*** Block opens ***
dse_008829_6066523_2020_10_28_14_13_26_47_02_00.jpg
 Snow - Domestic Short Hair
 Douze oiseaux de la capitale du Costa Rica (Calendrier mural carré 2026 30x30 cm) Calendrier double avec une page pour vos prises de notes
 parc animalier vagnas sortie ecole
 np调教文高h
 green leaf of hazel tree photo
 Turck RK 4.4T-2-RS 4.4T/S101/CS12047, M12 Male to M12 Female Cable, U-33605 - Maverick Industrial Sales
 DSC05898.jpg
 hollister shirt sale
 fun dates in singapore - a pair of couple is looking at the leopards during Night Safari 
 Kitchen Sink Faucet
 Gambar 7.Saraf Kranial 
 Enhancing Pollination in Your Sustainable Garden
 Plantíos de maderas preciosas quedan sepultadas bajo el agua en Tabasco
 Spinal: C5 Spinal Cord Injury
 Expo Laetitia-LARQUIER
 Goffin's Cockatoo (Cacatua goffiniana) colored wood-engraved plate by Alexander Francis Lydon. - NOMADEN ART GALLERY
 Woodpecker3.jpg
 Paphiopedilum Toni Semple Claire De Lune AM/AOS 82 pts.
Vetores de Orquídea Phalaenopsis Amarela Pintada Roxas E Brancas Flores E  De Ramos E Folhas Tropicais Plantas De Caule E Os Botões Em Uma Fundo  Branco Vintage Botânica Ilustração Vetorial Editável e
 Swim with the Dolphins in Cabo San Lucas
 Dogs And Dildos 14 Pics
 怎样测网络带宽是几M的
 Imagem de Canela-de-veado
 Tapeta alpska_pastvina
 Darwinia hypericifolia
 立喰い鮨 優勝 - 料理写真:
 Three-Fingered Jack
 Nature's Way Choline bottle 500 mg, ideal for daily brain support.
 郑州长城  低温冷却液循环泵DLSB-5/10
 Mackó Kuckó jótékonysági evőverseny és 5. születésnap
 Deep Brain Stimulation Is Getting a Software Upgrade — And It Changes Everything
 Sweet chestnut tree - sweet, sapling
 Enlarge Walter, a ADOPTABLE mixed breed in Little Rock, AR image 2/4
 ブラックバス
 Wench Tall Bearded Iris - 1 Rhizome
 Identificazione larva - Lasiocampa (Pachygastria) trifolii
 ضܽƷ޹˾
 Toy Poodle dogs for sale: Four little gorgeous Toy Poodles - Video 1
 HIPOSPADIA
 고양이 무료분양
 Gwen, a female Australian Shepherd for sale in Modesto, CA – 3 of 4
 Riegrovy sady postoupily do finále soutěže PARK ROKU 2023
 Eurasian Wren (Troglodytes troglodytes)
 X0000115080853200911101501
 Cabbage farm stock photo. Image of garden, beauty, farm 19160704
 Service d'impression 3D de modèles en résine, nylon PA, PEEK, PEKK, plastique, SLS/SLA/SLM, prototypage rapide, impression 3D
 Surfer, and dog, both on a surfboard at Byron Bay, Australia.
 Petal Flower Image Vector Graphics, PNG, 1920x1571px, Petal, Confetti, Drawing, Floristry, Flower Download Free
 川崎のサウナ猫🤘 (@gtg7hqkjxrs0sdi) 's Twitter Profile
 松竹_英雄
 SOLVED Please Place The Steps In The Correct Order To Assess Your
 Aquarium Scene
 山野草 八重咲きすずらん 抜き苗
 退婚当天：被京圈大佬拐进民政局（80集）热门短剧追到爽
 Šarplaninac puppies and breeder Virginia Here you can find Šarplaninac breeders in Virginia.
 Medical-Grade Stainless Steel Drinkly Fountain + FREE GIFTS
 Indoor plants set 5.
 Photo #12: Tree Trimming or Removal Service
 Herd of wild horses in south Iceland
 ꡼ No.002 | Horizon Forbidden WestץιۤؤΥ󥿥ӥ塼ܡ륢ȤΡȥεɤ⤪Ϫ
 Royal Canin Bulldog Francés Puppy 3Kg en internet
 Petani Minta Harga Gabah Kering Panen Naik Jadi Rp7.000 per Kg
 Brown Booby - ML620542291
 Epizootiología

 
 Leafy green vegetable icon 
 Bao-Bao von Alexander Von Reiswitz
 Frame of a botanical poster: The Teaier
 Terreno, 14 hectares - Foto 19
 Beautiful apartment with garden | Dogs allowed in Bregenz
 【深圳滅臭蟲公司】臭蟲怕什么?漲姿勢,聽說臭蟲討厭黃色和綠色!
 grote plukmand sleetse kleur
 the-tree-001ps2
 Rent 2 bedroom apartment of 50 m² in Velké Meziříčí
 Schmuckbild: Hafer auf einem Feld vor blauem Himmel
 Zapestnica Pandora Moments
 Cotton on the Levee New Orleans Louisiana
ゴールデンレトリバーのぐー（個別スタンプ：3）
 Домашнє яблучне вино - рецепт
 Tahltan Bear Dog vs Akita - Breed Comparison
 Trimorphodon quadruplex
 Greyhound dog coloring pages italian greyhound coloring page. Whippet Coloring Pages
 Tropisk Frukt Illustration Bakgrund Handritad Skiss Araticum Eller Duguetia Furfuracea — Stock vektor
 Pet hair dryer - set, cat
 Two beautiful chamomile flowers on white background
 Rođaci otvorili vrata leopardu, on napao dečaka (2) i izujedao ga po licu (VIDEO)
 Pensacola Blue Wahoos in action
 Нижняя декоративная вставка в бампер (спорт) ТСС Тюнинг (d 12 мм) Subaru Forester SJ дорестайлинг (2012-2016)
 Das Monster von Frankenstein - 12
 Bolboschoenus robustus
*** Block closes ***
● **Work instructions**
Print every entry exactly as it appears.

● **Result**
dse_008829_6066523_2020_10_28_14_13_26_47_02_00.jpg
 Snow - Domestic Short Hair
 Douze oiseaux de la capitale du Costa Rica (Calendrier mural carré 2026 30x30 cm) Calendrier double avec une page pour vos prises de notes
 parc animalier vagnas sortie ecole
 np调教文高h
 green leaf of hazel tree photo
 Turck RK 4.4T-2-RS 4.4T/S101/CS12047, M12 Male to M12 Female Cable, U-33605 - Maverick Industrial Sales
 DSC05898.jpg
 hollister shirt sale
 fun dates in singapore - a pair of couple is looking at the leopards during Night Safari 
 Kitchen Sink Faucet
 Gambar 7.Saraf Kranial 
 Enhancing Pollination in Your Sustainable Garden
 Plantíos de maderas preciosas quedan sepultadas bajo el agua en Tabasco
 Spinal: C5 Spinal Cord Injury
 Expo Laetitia-LARQUIER
 Goffin's Cockatoo (Cacatua goffiniana) colored wood-engraved plate by Alexander Francis Lydon. - NOMADEN ART GALLERY
 Woodpecker3.jpg
 Paphiopedilum Toni Semple Claire De Lune AM/AOS 82 pts.
Vetores de Orquídea Phalaenopsis Amarela Pintada Roxas E Brancas Flores E  De Ramos E Folhas Tropicais Plantas De Caule E Os Botões Em Uma Fundo  Branco Vintage Botânica Ilustração Vetorial Editável e
 Swim with the Dolphins in Cabo San Lucas
 Dogs And Dildos 14 Pics
 怎样测网络带宽是几M的
 Imagem de Canela-de-veado
 Tapeta alpska_pastvina
 Darwinia hypericifolia
 立喰い鮨 優勝 - 料理写真:
 Three-Fingered Jack
 Nature's Way Choline bottle 500 mg, ideal for daily brain support.
 郑州长城  低温冷却液循环泵DLSB-5/10
 Mackó Kuckó jótékonysági evőverseny és 5. születésnap
 Deep Brain Stimulation Is Getting a Software Upgrade — And It Changes Everything
 Sweet chestnut tree - sweet, sapling
 Enlarge Walter, a ADOPTABLE mixed breed in Little Rock, AR image 2/4
 ブラックバス
 Wench Tall Bearded Iris - 1 Rhizome
 Identificazione larva - Lasiocampa (Pachygastria) trifolii
 ضܽƷ޹˾
 Toy Poodle dogs for sale: Four little gorgeous Toy Poodles - Video 1
 HIPOSPADIA
 고양이 무료분양
 Gwen, a female Australian Shepherd for sale in Modesto, CA – 3 of 4
 Riegrovy sady postoupily do finále soutěže PARK ROKU 2023
 Eurasian Wren (Troglodytes troglodytes)
 X0000115080853200911101501
 Cabbage farm stock photo. Image of garden, beauty, farm 19160704
 Service d'impression 3D de modèles en résine, nylon PA, PEEK, PEKK, plastique, SLS/SLA/SLM, prototypage rapide, impression 3D
 Surfer, and dog, both on a surfboard at Byron Bay, Australia.
 Petal Flower Image Vector Graphics, PNG, 1920x1571px, Petal, Confetti, Drawing, Floristry, Flower Download Free
 川崎のサウナ猫🤘 (@gtg7hqkjxrs0sdi) 's Twitter Profile
 松竹_英雄
 SOLVED Please Place The Steps In The Correct Order To Assess Your
 Aquarium Scene
 山野草 八重咲きすずらん 抜き苗
 退婚当天：被京圈大佬拐进民政局（80集）热门短剧追到爽
 Šarplaninac puppies and breeder Virginia Here you can find Šarplaninac breeders in Virginia.
 Medical-Grade Stainless Steel Drinkly Fountain + FREE GIFTS
 Indoor plants set 5.
 Photo #12: Tree Trimming or Removal Service
 Herd of wild horses in south Iceland
 ꡼ No.002 | Horizon Forbidden WestץιۤؤΥ󥿥ӥ塼ܡ륢ȤΡȥεɤ⤪Ϫ
 Royal Canin Bulldog Francés Puppy 3Kg en internet
 Petani Minta Harga Gabah Kering Panen Naik Jadi Rp7.000 per Kg
 Brown Booby - ML620542291
 Epizootiología

 
 Leafy green vegetable icon 
 Bao-Bao von Alexander Von Reiswitz
 Frame of a botanical poster: The Teaier
 Terreno, 14 hectares - Foto 19
 Beautiful apartment with garden | Dogs allowed in Bregenz
 【深圳滅臭蟲公司】臭蟲怕什么?漲姿勢,聽說臭蟲討厭黃色和綠色!
 grote plukmand sleetse kleur
 the-tree-001ps2
 Rent 2 bedroom apartment of 50 m² in Velké Meziříčí
 Schmuckbild: Hafer auf einem Feld vor blauem Himmel
 Zapestnica Pandora Moments
 Cotton on the Levee New Orleans Louisiana
ゴールデンレトリバーのぐー（個別スタンプ：3）
 Домашнє яблучне вино - рецепт
 Tahltan Bear Dog vs Akita - Breed Comparison
 Trimorphodon quadruplex
 Greyhound dog coloring pages italian greyhound coloring page. Whippet Coloring Pages
 Tropisk Frukt Illustration Bakgrund Handritad Skiss Araticum Eller Duguetia Furfuracea — Stock vektor
 Pet hair dryer - set, cat
 Two beautiful chamomile flowers on white background
 Rođaci otvorili vrata leopardu, on napao dečaka (2) i izujedao ga po licu (VIDEO)
 Pensacola Blue Wahoos in action
 Нижняя декоративная вставка в бампер (спорт) ТСС Тюнинг (d 12 мм) Subaru Forester SJ дорестайлинг (2012-2016)
 Das Monster von Frankenstein - 12
 Bolboschoenus robustus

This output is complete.